Non resta che risolvere tutto con una nuova gara sotto l’acqua. Qui, viste le dimensioni ridotte, tocca fare andata e ritorno più volte, per vincere. La donna potrebbe essere il premio della vittoria, anche se lei non sarà mai d’accordo. La lotta è al tutto per tutto, chi la dura la vince, mors tua vita mea. Vince Julio, fortificato dalla brama di vendetta, da un desiderio di rivalsa, dalla rabbia. Parità ristabilita.
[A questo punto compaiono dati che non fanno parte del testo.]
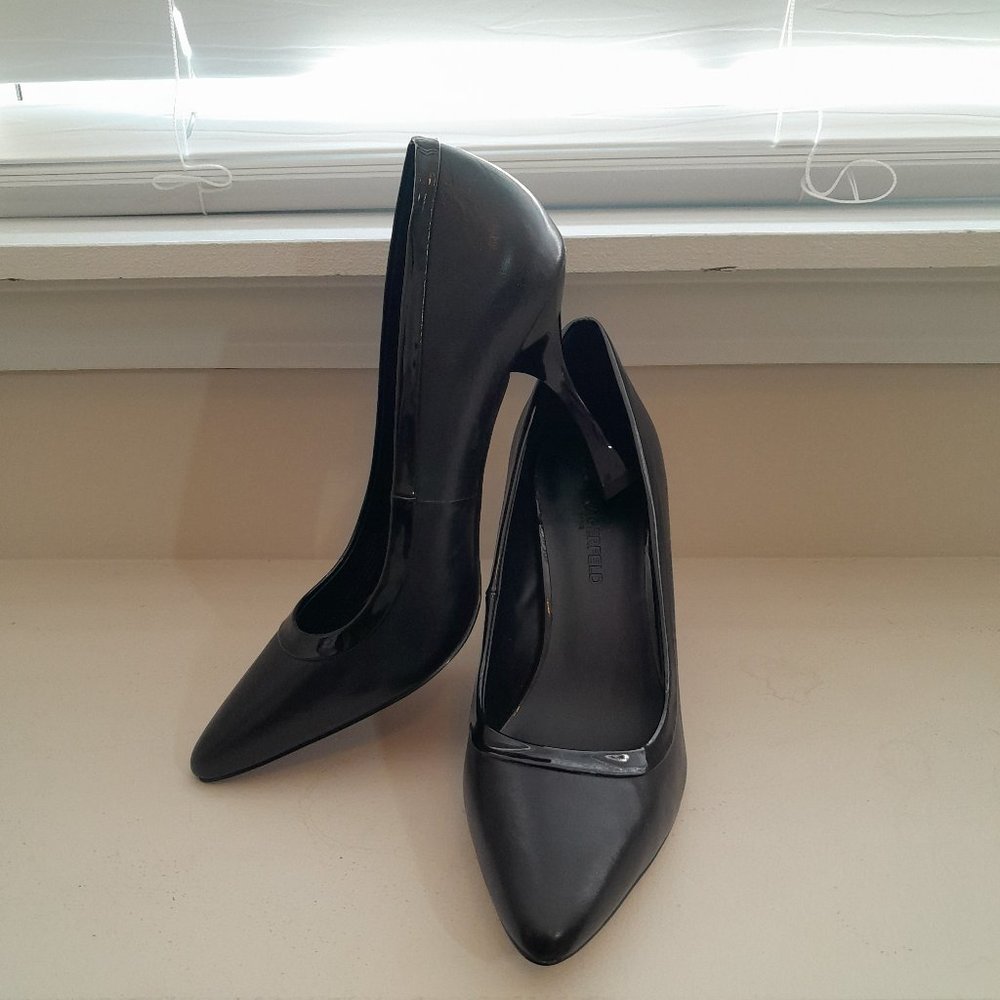 Karl Lagerfeld Tuxedo Spool Heel Black Pumps - Picture 8 of 8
Correva l’anno 1991 e al festival del cinema di Venezia, in una delle ultime proiezioni, ho visto Y tu mamá también (regia di Alfonso Cuarón, protagonisti Diego Luna e Gael García Bernal, mai visti sullo schermo) per la prima volta. Avevo una voglia matta di vederlo: al Lido serpeggiano pareri favorevoli, la trama pareva divertente, si trattava di un’opera prima.
Non ho tirato un sospiro per tutta la durata del film, nemmeno quando, a pochi minuti dall’inizio, l’audio scompare completamente per lasciare spazio ad una voce fuori campo straniante che punteggia l’intera pellicola con intelligenza e sapienza di scrittura. La pellicola è costellata di scene sessuali esplicite, che non impediscono il circolare di un’aura di malinconia diffusa. Alla prima visione mi sono identificata sia con i pischelli che con la giovane donna, in un’altalena di desiderio di ludicità e consapevolezza della fine, marijuana e tequila, oblio e carnalità.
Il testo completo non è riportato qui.